A better question to unlock a more ambitious strategy

How you frame you goal can mean the difference between it being failure and achievable

A better question to unlock a more ambitious strategy

As we set our own goals we start to ask the question. “Can I achieve…”. I often see people say, “can I get to 4,000 Twitter followers by the end of the year”, or “can I make $1,000 monthly revenue on my product”.

While these types of questions are great, it unfortunately limits your thinking making you less likely to find a way to achieve it.

Goals vs Strategy

Now think of working with a team who have quarterly objectives. Their goals may be set out like the following:

  • To increase website traffic by 10%
  • To get 20 signups a day to the mailing list
  • To get 20,000 monthly YouTube views
  • To get 500 social likes in a 28 day period

If you see a strategy that looks along these lines, then consider that it’s more of a wish than a strategy.
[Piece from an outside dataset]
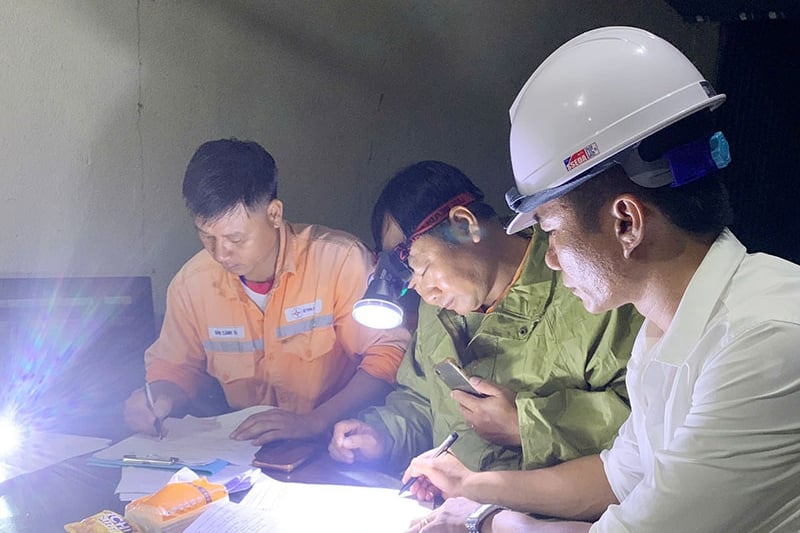 Đã khắc phục hoàn toàn sự cố gãy 19 cột điện do thiên tai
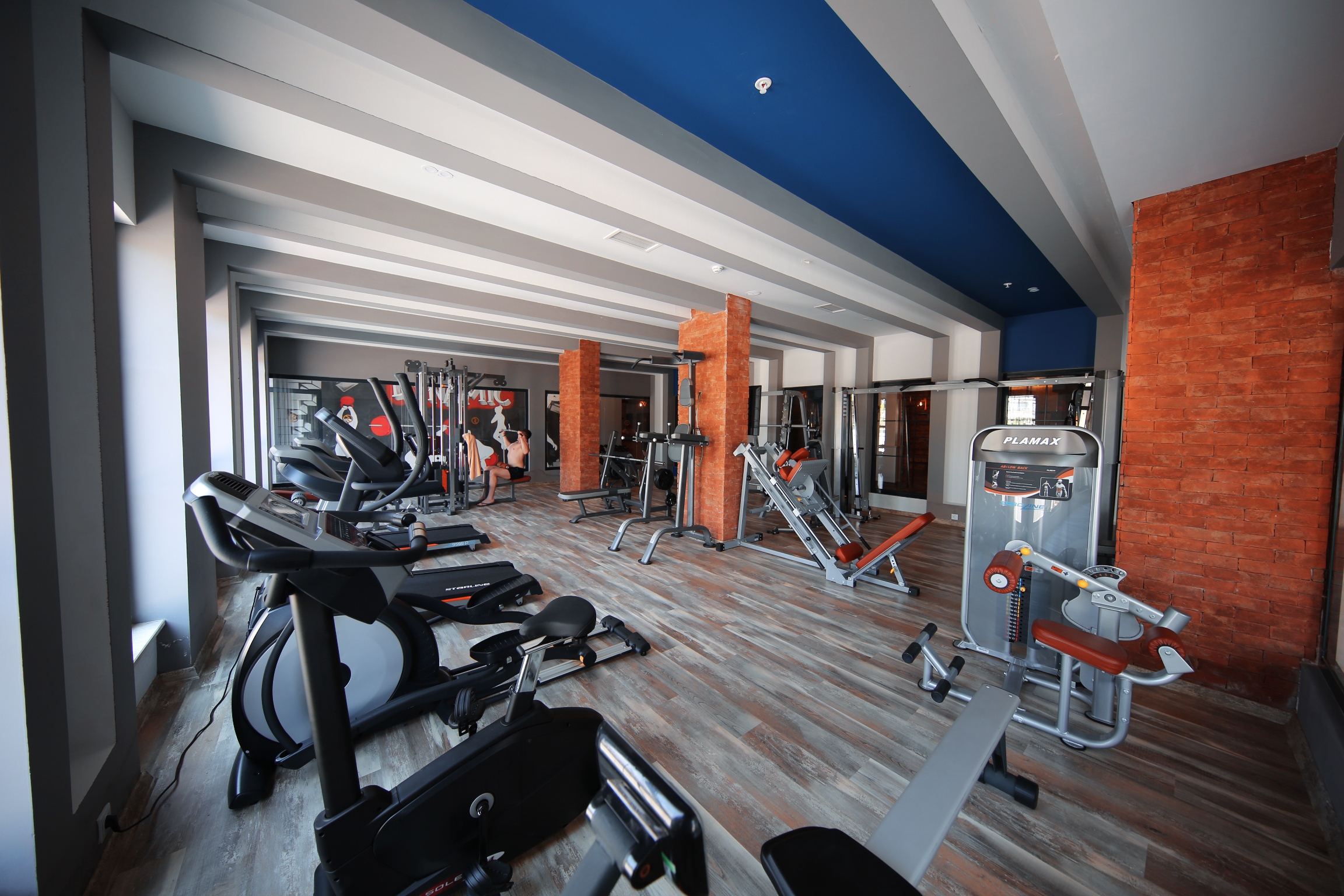 Sey Beach Hotel & Spa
A failure to believe the goal

If you’re now poised with the task to make the goals happen, it is easy to feel that they are unattainable. You may believe that they are too ambitious. You may not know how to action them. The consequence of this is that you’re unlikely to put the time and attention in to make it happen. You’ll procrastinate. And you’ll fail at your goal.
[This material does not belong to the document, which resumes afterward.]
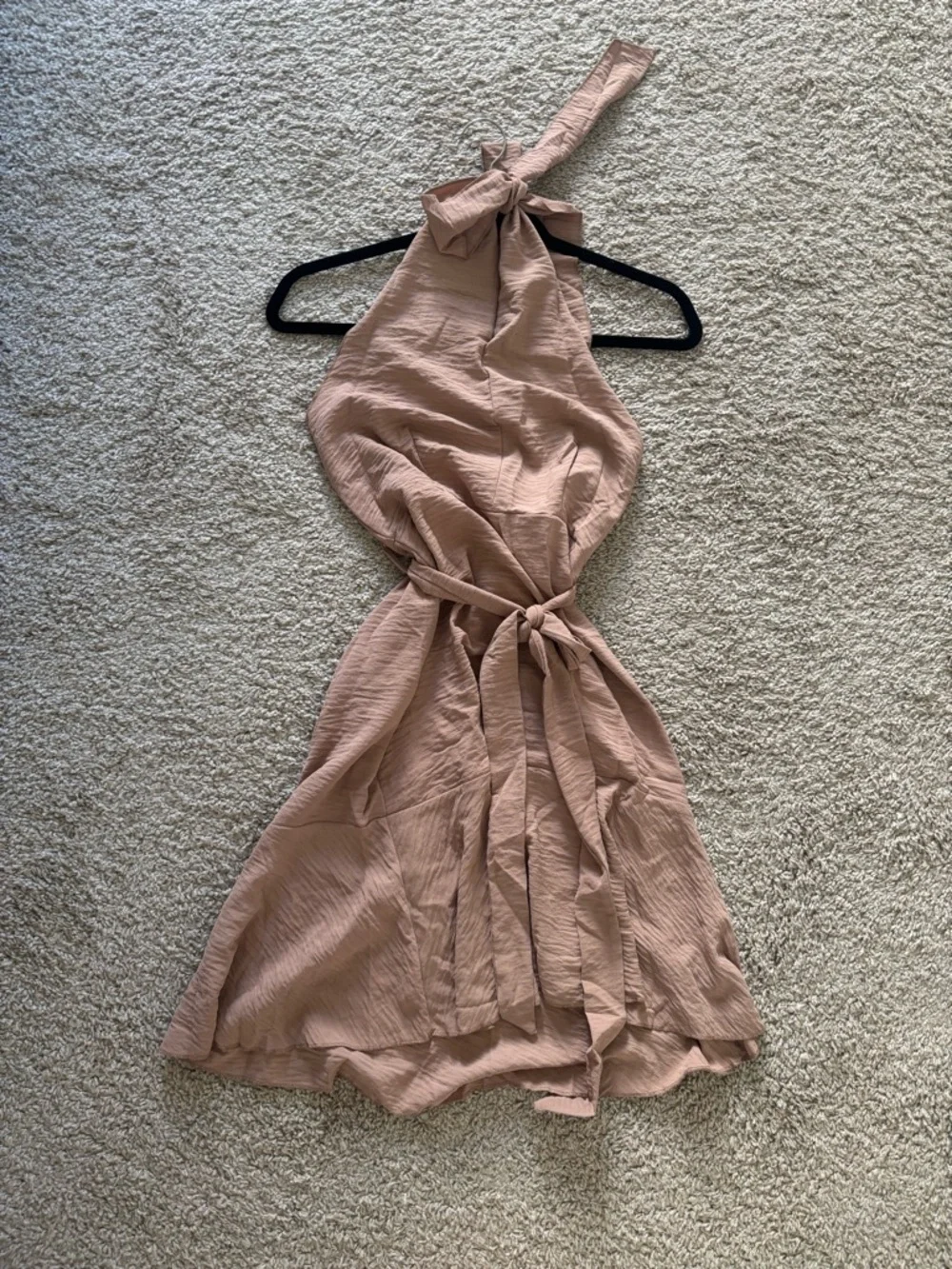 Sleek Halter Tie-Waist Midi Dress in Taupe - Picture 4 of 5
Others may look at the strategy and conclude that it’s just not possible and will fail to support it in the way it deserves.

Imagine you’re pitching to your boss to implement a new social media strategy to get 50,000 new fans for the brand. Your boss may simply disbelieve that it’s possible and not support the project.
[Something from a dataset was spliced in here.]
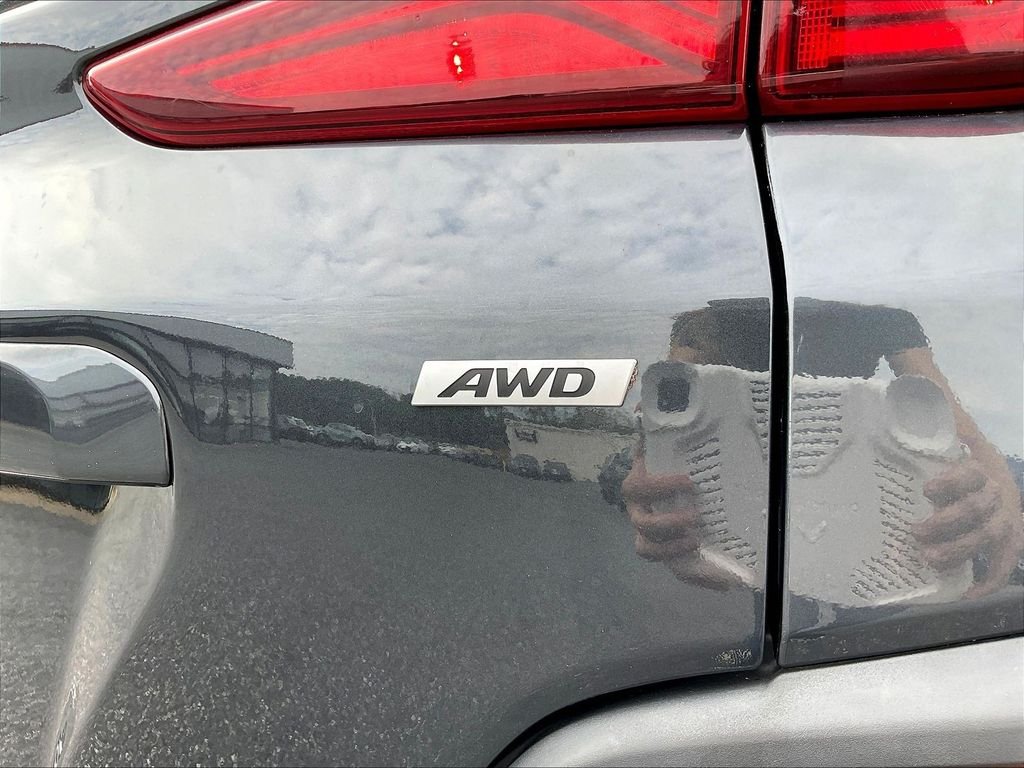 Used 2019 Gray Hyundai SE image 25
Frame it as a ‘how’ question

I’m a believer that you can unlock a much better strategy by framing the goal as a question. As a ‘how’ question. And let everyone involved be part of the process to get their buy in.

Let’s look at an example.

Goal: Get to 100,000 YouTube subscribers

You can now frame this as a question:

How can we increase the number of YouTube subscribers to 100,000?

It now prompts more thinking to solve the problem. You (or your team) may now start to ideate the following:

  • Make daily videos
  • Make 70% of the videos based on topics that people search for
  • Create a better hook to improve watch time
  • Editing and storytelling to improve the watch time
  • Relate videos to keep viewers watching related content on the channel

Hopefully you can see now that it’s no longer an abstract goal but a more concrete strategy, all by framing it as a how question. These ideas now form part of the strategy.

A second layer of resistance

As you elaborate on the solutions, you may start to see a second layer of resistance. For example, “there’s no way we can make a video a day”.

Now you repeat the process…

How can you produce daily videos?

The solution follows the same ideation process to overcome the limitation…

  • Batch the recording and editing
  • Outsource the editing
  • Hire more talent to work on it
  • Create pillar content pieces but edit it to daily YouTube shorts

By doing this you start to break down the objections that limit thinking. You get to fully explore more novel ways to achieve ambitious goals.

Todays Ah-Ha moment

Don’t just have a wish list of goals. Instead frame it as a “How can I” question and explore many different ways to solve it. Repeat the process until you have clear and concrete actions for you to take, no matter how ambitious the goal.